How are they unlike us? Go to the previous verses. They are those whose end is destruction, who revel in their sin and seek to satiate their bellies. They are those who will not follow the model of Christ but who pursue the things of the flesh. In contrast, we live a different lifestyle, pursuing the pattern of behavior that we have observed in Paul and in other faithful believers before us.
I find it interesting that when I travel, everyone knows that I am an American even before I open my mouth. Perhaps it is the cowboy boots and the blue jeans, perhaps it is the way I carry myself, whatever it is, when I travel it is as if I carry a neon sign over my head that says, “American.” And note that I am not complaining about that reality; I am grateful to have been born in this great nation. I simply make an observation that should carry back to Paul’s language here. By the way we live, the people of this world (unbelievers) ought to recognize that we don’t belong to this world. Sadly, for many professing Christians, that is a stretch.

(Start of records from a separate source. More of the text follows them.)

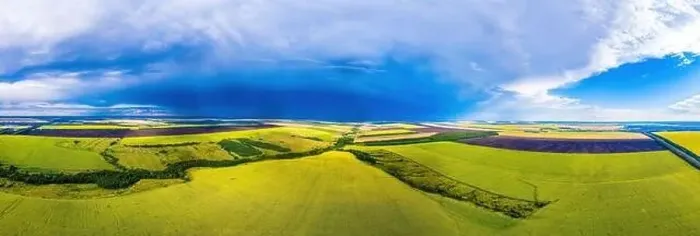 Framed Print : Field of sunflowers. Top view. Lines of sunflowers. Drone photography. Yellow green background. High quality photo Framed Print : Field of sunflowers. Top view. Lines of sunflowers. Drone photography. Yellow green background. High quality photo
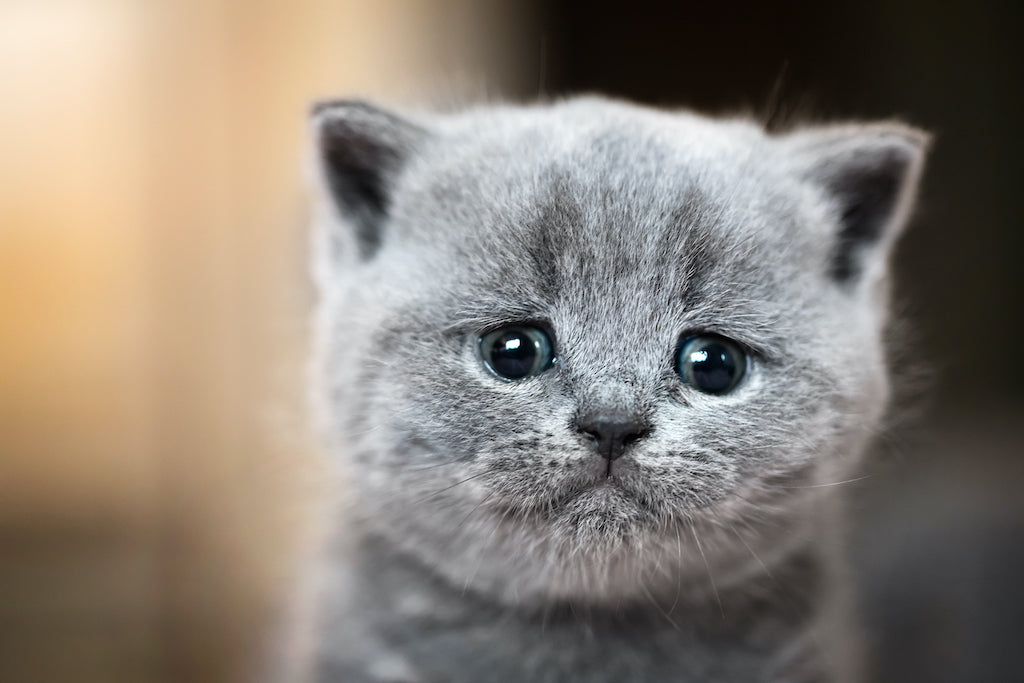 Do Cats Cry? Unveiling the Emotional World of Feline Companions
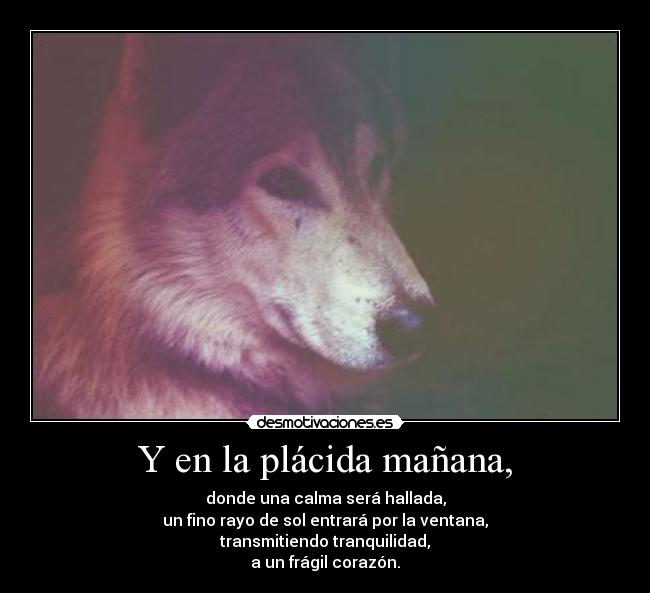 Y en la plácida mañana, - 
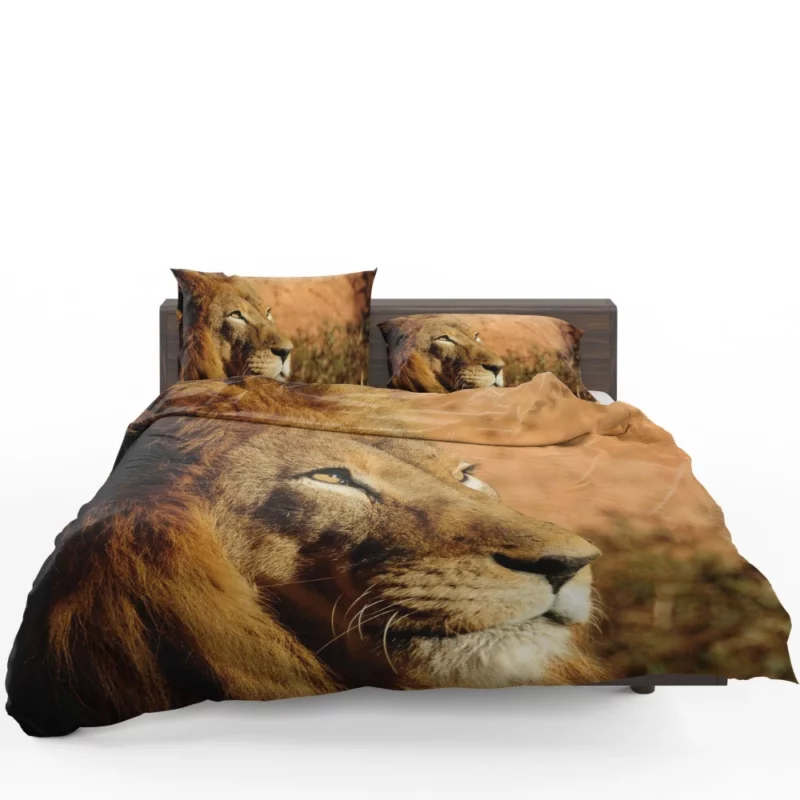 Lion Regal Presence Majesty Unleashed Bedding Set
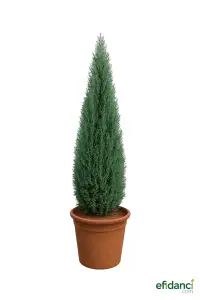 Mavi Elvudi çamı ( Chamaecyparis lawsoniana ellwoodii ) - 60-80 cm
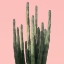 Picture of ISLAND SUCCULENT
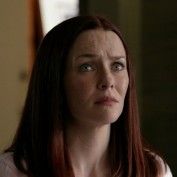 Annie Wersching in No Ordinary Family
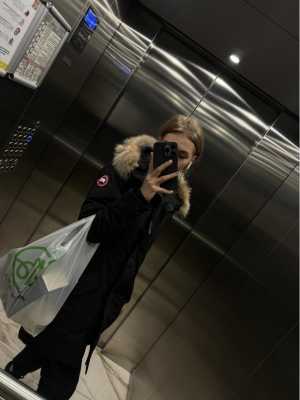 Canada goose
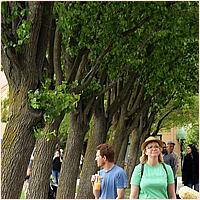 CupertinoCherryBlossomFestival_2019-138c1.jpg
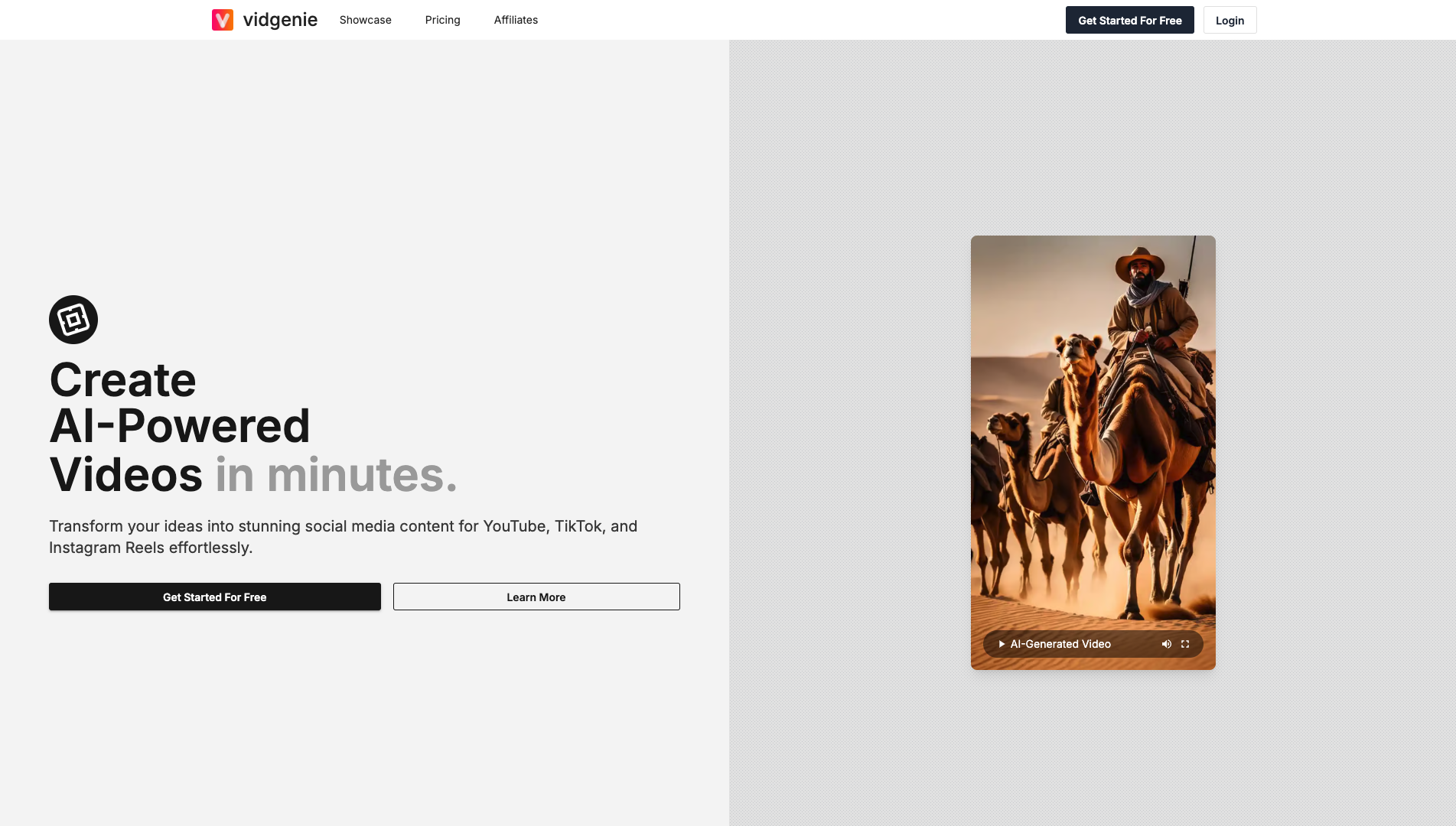 Screenshot of the Vidgenie website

But Paul does not stop with the idea of belonging to a different country. He also speaks that while we are colonists here in this world, we are awaiting the coming of a Savior — the Lord Jesus Christ — the Prince of Heaven who will return to this world in glory and call all his citizens to himself. Therein lies our hope. Our hope is not in simply returning to heaven in spirit after our death, but it is in the physical resurrection, like Christ’s resurrection, that will come when our Savior returns from the homeland to claim his own people. That is our hope. Sadly, too, it seems that many professing Christians do not have this hope in sight either.
Like Abraham before us, we are sojourners and aliens in a land not our own. Like the Israelites in the wilderness, we are a church moving through the wilderness on the way to the promised land…but we are not there yet. Yet, let our lifestyles reflect the land to which we belong.